SUPPLIED MATERIAL section start

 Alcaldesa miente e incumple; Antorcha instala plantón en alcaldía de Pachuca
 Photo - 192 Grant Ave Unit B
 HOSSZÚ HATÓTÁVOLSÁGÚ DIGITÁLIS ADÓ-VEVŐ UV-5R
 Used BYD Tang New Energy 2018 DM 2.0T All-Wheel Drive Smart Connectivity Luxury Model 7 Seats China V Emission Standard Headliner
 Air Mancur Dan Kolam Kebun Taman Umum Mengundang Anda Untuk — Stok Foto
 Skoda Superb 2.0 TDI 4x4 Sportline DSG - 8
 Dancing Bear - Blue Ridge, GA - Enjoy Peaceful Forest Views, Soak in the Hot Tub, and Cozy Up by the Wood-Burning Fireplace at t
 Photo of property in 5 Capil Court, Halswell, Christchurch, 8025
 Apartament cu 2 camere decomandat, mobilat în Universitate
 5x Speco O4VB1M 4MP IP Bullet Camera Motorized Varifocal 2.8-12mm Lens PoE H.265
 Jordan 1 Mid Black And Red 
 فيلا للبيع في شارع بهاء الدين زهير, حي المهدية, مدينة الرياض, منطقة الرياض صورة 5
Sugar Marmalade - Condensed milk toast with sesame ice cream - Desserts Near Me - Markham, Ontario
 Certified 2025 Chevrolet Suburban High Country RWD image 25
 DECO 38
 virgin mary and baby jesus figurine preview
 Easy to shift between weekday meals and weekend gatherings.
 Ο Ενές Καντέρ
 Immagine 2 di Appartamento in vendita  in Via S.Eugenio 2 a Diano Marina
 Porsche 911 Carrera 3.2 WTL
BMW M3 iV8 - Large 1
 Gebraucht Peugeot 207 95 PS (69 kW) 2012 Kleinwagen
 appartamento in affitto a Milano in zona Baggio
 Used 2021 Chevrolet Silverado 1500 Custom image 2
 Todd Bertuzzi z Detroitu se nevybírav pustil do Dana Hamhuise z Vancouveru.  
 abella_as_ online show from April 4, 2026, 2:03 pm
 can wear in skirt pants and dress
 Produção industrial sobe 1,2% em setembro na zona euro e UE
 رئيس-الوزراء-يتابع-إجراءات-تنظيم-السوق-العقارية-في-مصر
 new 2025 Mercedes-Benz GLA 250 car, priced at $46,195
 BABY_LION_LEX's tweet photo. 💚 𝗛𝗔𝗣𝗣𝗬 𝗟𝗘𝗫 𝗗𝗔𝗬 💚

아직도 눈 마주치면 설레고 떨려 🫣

SUPPLIED MATERIAL section end

-- TASK STATEMENT --
Could you restate word for word the lines above, from the one that contains "appartamento in affitto" through the one that contains "رئيس-الوزراء-ي", and no others?

-- THE COMPLETED TASK --
 appartamento in affitto a Milano in zona Baggio
 Used 2021 Chevrolet Silverado 1500 Custom image 2
 Todd Bertuzzi z Detroitu se nevybírav pustil do Dana Hamhuise z Vancouveru.  
 abella_as_ online show from April 4, 2026, 2:03 pm
 can wear in skirt pants and dress
 Produção industrial sobe 1,2% em setembro na zona euro e UE
 رئيس-الوزراء-يتابع-إجراءات-تنظيم-السوق-العقارية-في-مصر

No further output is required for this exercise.